Ethics publications and
unfair practices in connection with publications
Principles of professional ethics in the work of the editor and publisher
The editor of a peer-reviewed journal is responsible for deciding which of the articles submitted to the journal should be published. The validation of the work in question and its importance to researchers and readers must always drive such decisions.
- An editor should make decisions on which articles to publish based on representational faithfulness and scholarly importance of the proposed work.
- An editor should be alert to intellectual property issues and must not to publish information if there are reasons to think that it is plagiarism. ·
- An editor should evaluate manuscripts for their intellectual content without regard to race, gender, sexual orientation, religious belief, ethnic origin, citizenship, social set-up or political philosophy of the authors.
- Unpublished materials disclosed in a submitted manuscript must not be used in an editor's own research without the express written consent of the author. Privileged information or ideas obtained through peer review must be kept confidential and not used for personal advantage.
- An editor should take reasonably responsive measures when ethical complaints have been presented concerning a submitted manuscript or published paper, in conjunction with the publisher (or society). Every reported act of unethical publishing behavior must be looked into, even if it is discovered years after publication.
Publishers should provide reasonable practical support to editors and define the relationship between publishers, editor and other parties in a contract.
- Publishers should protect intellectual property and copyright.
- Publishers should foster editorial independence.
- Publishers should work with journal editors to set journal policies appropriately and aim to meet those policies, particularly with respect to editorial independence, research ethics, authorship, transparency and integrity (for example, conflicts of interest research funding, reporting standards), peer review and the role of the editorial team beyond that of the journal editor, appeals and complaints.
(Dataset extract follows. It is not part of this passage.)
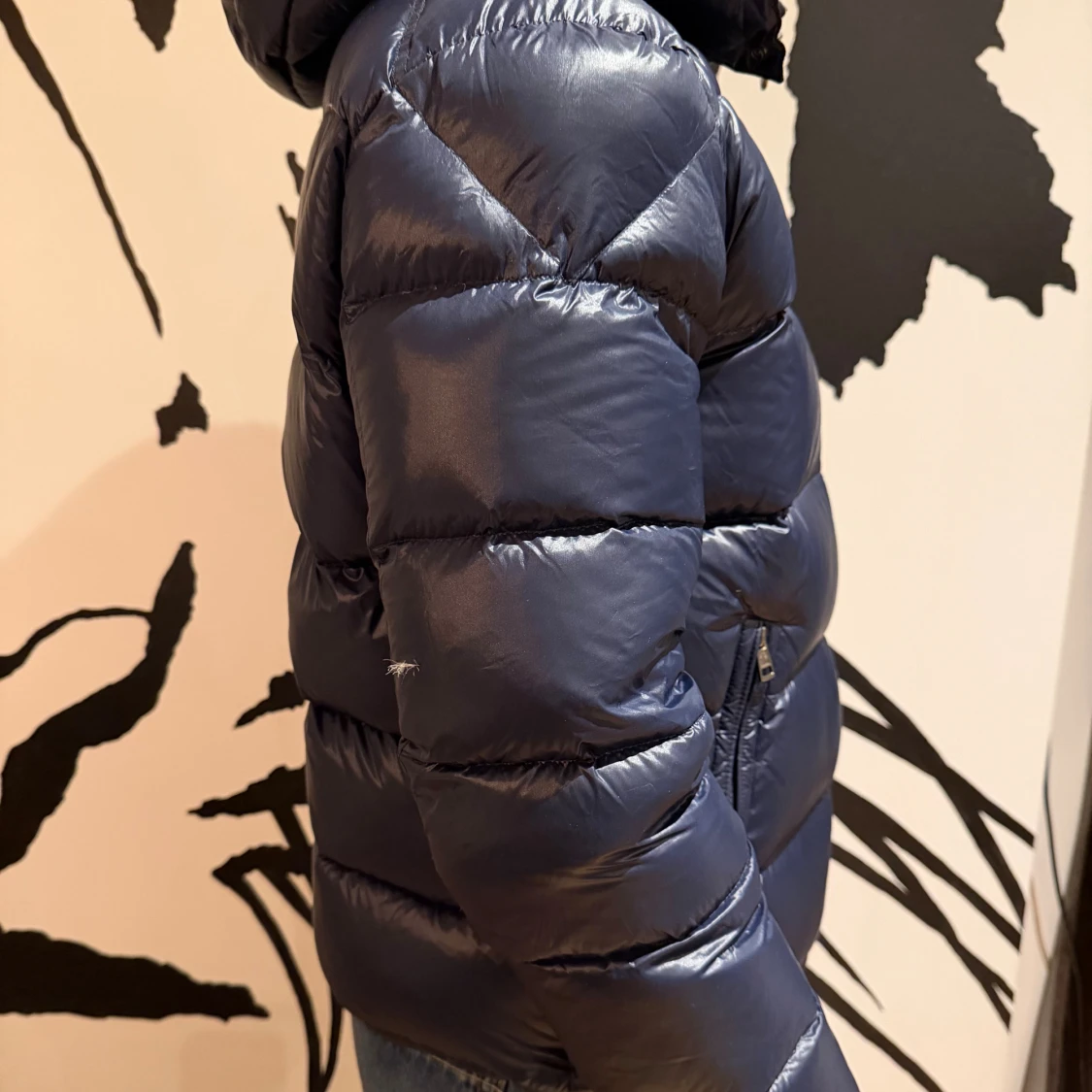 Moncler Maya  - 3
- Publishers should communicate and periodically review journal policies (for example, to authors, readers, peer reviewers).
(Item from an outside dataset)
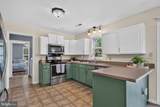5716 Bethlehem Road - Photo 8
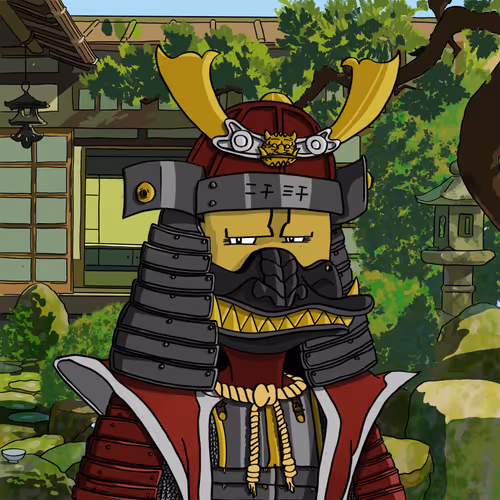 Item #9473663722952998230646465243257887520679453595370737944806392508065307951105 Media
- Publishers should assist the parties (for example, institutions, grant funders, governing bodies) responsible for the investigation of suspected research and publication misconduct and, where possible, facilitate in the resolution of these cases.
- Publishers are responsible for publishing corrections, clarifications and retractions.
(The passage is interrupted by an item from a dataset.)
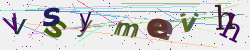 �������� �������� Captcha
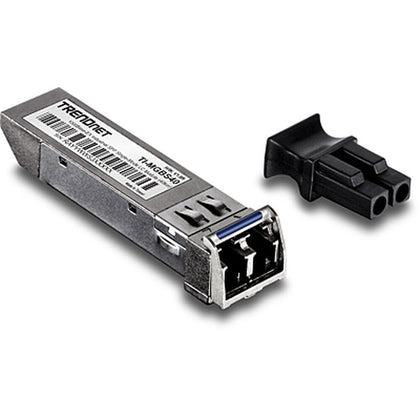 SFP fibermodul MonoModo Trendnet TI-MGBS40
Ethical principles in the reviewer work
Peer review assists the editor in making editorial decisions and through the editorial communications with the author may also assist the author in improving the paper. That is why actions of a reviewer should be unbiased.
- Any manuscripts received for review must be treated as confidential documents. They must not be shown to or discussed with others except as authorized by the editor.
- Reviews should be conducted objectively. Personal criticism of the author is inappropriate. Referees should express their views clearly with supporting arguments.
- Unpublished materials disclosed in a submitted manuscript must not be used in a reviewer's own research without the express written consent of the author. Privileged information or ideas obtained through peer review must be kept confidential and not used for personal advantage.
- Any selected referee who feels unqualified to review the research reported in a manuscript or knows that its prompt review will be impossible should notify the editor and excuse himself from the review process.